Problem: Repeat the data below exactly, dropping any pictures it holds.

-- Supplied data follows --

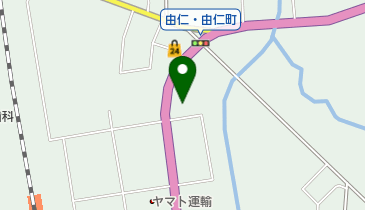 そば処井むらの地図画像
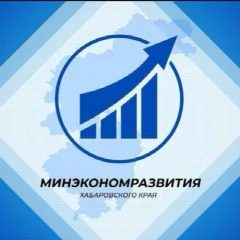 Канал Министерство экономического развития Хабаровского края в мессенджере MAX — 288 подписчиков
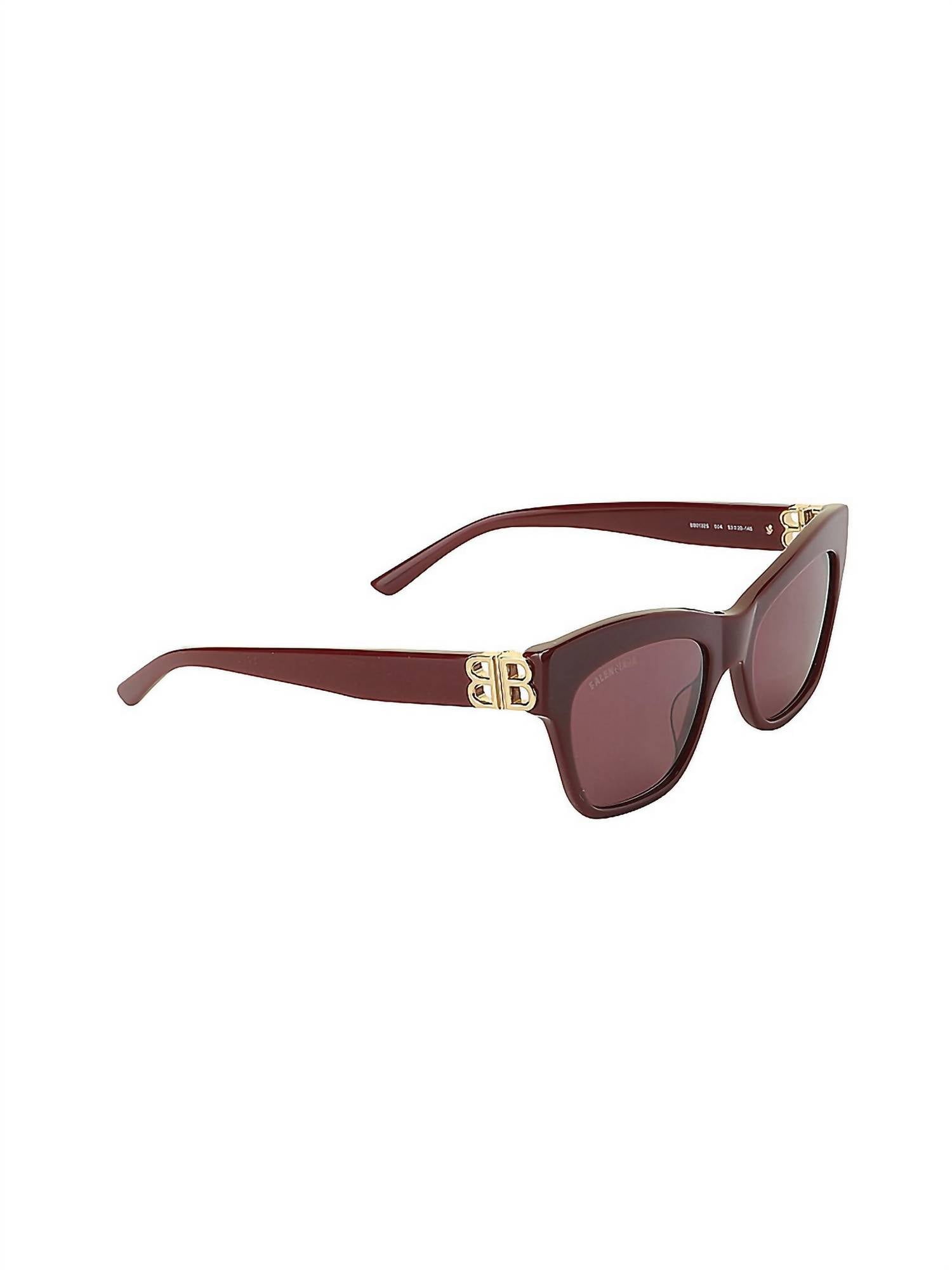 Balenciaga - Women's Acetate Sunglasses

-- Supplied data concluded --

Answer section:
 そば処井むらの地図画像
 Канал Министерство экономического развития Хабаровского края в мессенджере MAX — 288 подписчиков
 Balenciaga - Women's Acetate Sunglasses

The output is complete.